Am Samstag, 26. Februar 1910, folgte der Schluss der Feierlichkeiten, die Übersiedelung der Kinderschule ins neu erbaute Gemeindehaus. Noch einmal hatte sich das kleine Völklein in seinem engen alten Raum im Rathaus versammelt und nahm mit einem Verslein Abschied. Dann zogen sie “om Seil”, voraus die Buben, aus. Auf der Straße hatten sich schnell viele Zuschauer eingefunden. Das neue Lokal füllte sich mit kleinen und mit großen Leuten, und die Kinder fanden sich schnell zurecht in den neuen Bänkchen, die ihnen die Güte der Gemeinde und der Kirchenpflege verschafft hat.
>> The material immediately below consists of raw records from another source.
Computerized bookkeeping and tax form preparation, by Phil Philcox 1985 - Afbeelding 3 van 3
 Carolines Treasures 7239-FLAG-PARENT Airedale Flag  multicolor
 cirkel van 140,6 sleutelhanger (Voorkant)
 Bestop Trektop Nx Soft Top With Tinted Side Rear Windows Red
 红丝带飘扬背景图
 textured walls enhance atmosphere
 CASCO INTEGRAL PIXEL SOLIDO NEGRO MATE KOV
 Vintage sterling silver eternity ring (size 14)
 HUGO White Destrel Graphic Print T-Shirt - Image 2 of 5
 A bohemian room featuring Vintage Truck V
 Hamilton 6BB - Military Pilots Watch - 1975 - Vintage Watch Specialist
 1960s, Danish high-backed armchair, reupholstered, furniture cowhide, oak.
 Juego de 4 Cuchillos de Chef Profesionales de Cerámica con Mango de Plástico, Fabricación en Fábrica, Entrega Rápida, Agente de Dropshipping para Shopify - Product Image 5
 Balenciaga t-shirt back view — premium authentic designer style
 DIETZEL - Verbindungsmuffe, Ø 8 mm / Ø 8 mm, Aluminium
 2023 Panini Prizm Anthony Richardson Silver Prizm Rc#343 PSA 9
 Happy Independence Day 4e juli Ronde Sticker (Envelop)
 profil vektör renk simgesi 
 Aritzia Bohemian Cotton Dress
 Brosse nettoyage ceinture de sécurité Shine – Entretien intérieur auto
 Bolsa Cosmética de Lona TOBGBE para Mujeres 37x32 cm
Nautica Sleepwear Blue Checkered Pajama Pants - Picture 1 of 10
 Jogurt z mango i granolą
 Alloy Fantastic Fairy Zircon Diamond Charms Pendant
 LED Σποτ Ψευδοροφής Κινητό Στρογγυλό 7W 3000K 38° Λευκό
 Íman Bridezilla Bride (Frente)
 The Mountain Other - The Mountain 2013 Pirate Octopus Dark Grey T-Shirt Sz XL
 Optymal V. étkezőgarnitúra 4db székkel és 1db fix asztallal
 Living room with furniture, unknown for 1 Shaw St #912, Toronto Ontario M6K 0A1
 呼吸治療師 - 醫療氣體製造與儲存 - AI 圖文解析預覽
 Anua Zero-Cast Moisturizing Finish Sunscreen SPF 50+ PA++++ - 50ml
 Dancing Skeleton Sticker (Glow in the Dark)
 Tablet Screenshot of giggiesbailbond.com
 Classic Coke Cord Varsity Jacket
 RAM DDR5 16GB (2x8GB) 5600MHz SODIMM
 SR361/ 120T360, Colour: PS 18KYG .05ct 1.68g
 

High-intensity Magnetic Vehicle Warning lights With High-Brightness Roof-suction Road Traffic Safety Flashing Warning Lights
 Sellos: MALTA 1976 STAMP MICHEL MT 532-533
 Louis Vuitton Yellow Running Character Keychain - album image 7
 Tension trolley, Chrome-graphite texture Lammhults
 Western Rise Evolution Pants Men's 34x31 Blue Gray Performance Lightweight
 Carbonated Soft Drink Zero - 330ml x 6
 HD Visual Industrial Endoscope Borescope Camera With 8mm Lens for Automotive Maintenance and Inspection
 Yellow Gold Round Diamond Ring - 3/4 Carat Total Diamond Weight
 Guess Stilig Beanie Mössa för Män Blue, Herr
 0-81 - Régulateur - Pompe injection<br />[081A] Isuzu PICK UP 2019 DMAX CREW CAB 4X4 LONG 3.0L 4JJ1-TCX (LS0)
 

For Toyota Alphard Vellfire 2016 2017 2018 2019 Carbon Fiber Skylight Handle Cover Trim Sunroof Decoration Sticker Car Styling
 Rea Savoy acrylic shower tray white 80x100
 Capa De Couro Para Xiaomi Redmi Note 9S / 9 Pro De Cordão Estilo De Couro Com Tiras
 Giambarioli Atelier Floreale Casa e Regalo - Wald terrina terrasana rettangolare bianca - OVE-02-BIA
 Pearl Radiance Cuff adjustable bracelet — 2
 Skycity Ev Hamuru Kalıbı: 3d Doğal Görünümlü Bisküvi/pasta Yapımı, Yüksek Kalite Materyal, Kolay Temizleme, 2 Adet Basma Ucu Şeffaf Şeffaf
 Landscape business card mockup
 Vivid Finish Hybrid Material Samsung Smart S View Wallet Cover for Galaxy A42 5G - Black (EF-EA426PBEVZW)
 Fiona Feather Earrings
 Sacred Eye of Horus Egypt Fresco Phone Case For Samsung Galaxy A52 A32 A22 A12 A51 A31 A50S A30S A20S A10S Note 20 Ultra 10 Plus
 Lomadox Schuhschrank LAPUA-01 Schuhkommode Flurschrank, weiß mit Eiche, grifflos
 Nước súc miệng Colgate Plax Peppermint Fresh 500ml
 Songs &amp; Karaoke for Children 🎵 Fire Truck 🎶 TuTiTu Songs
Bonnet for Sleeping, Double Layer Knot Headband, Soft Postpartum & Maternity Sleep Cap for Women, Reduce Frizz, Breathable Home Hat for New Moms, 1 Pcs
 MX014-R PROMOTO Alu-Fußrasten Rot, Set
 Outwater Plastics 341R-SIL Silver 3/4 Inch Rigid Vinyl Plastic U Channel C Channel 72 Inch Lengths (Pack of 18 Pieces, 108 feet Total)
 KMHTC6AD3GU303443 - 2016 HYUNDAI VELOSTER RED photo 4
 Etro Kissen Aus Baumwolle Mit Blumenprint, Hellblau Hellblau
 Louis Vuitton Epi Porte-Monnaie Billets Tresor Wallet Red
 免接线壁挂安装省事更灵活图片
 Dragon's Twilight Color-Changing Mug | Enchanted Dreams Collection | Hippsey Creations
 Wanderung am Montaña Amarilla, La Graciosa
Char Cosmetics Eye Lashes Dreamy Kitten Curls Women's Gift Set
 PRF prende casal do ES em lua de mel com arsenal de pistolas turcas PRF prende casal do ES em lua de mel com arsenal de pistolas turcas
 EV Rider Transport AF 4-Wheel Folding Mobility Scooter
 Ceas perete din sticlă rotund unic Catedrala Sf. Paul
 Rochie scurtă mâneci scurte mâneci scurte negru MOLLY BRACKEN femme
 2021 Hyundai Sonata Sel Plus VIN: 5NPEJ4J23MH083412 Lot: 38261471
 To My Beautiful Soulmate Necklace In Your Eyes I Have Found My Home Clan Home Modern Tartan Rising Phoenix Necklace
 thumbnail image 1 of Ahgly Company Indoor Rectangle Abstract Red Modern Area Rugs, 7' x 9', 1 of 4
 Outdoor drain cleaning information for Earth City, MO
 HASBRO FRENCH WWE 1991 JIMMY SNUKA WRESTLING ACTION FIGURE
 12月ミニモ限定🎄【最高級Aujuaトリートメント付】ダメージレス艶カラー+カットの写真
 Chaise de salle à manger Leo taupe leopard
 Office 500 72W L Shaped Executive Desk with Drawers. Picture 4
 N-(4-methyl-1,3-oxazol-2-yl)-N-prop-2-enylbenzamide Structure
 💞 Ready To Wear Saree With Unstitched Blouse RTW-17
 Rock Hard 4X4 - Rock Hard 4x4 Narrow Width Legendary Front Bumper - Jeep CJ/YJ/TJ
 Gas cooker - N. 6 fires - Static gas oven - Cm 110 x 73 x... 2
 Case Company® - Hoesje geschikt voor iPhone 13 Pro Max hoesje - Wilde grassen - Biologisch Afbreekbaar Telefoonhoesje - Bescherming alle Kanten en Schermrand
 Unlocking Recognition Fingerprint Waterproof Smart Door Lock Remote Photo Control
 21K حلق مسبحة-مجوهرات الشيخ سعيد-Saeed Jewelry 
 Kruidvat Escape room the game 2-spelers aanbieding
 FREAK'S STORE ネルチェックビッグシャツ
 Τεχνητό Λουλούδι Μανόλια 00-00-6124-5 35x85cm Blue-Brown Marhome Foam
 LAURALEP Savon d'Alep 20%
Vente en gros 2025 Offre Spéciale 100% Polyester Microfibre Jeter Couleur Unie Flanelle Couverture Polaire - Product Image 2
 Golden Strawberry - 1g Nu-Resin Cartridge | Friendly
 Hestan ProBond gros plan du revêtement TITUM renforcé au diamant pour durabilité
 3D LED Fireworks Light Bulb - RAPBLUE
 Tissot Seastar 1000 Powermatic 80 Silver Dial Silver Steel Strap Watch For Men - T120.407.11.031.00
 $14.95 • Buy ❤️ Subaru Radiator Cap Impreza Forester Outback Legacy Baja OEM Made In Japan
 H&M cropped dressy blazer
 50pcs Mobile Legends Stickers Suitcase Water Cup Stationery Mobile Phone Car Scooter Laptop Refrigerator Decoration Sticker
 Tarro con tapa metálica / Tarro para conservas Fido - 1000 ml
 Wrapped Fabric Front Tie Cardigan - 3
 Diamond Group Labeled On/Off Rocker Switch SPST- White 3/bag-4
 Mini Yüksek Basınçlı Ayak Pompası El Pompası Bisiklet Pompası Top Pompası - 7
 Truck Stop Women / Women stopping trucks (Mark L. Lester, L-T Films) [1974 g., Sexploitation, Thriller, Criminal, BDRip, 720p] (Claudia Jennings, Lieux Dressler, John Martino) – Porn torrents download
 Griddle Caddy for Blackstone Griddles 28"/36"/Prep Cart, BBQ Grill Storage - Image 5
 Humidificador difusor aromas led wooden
Nach dem Eingangsliedchen" Weil ichJesu Schäflein bin" und dem Gebet richtete der Geistliche (Pfarrer Dinkelacker) einige Worte an die Kinder, worauf diese ein hübsches Begrüßungsverslein vortrugen. Darauf erzählte ihnen das" Bäsle" eine kleine Geschichte von dem Schäflein, das verloren gegangen und das der treue Hirte wieder suchte, und die Kinder schlossen mit dem Liedlein "Gott ist die Liebe ". Nun bekamen die Kinder Brezeln, die auch sofort verzehrt wurden und auf diese eindrucksvolle Weise schloss die kleine Feier und mit ihr die ganze Festwoche, eine Woche, wie sie Holzgerlingen wohl kaum je erlebt hat.

140 Kinder wurden im Jahre 1913 im Schüle "gehütet". Für heutige Verhältnisse völlig unvorstellbar. Seit 1902 wurde die Kinderschar von Erzieherinnen der Großheppacher Schwesternschaft betreut. Das blieb so bis in die achtziger Jahre des 20. Jahrhunderts. In der Pädagogik gab es in diesen vielen Jahrzehnten einen großen Wandel. Im Jahr 2010 liegt die Gruppengröße bei höchstens 28 Kindern mit zwei vollzeitbeschäftigten Erzieherinnen. Wir sorgen gemäß unseres kirchlichen Auftrages für eine am Evangelium ausgerichtete Pädagogik. Die Evangelische Kirchengemeinde versteht die Trägerschaft des Kindergartens in der Friedhofstraße als Reichtum und als einen wesentlichen Auftrag und Anteil im Leben der Kirche in der Stadt.

Als Kind in den 1930ern

Das Haus in der Friedhofstraße war nicht nur Schüle, sondern das Gemeindehaus für viele Veranstaltungen: Der Kirchenchor und Posaunenchor probten dort, die Bibelstunde fand hier statt und der Strickverein bzw. der Missionskreis traf sich dort mittwochs. Ein Bub fragte mal seine Ahne: "Ahne, gesch du en d' Mittwochsparty?" Konfirmandenunterricht und Jünglingsverein waren dort beheimatet. Oben im ersten Stock war das "Säle" für den Mädchenkreis und zeitweise auch Schulklassen. Jemand erzählte mal sie seien mit Immergrünbüchle wie die "Häsläus" aufeinander gehockt zum lesen. Im ersten Stock wohnten auch die Schwester Anna und die Krankenschwester Emma; sie war in Person die heutige Diakonie- und Sozialstation. Der alljährliche Bazar fand auch im Schüle statt.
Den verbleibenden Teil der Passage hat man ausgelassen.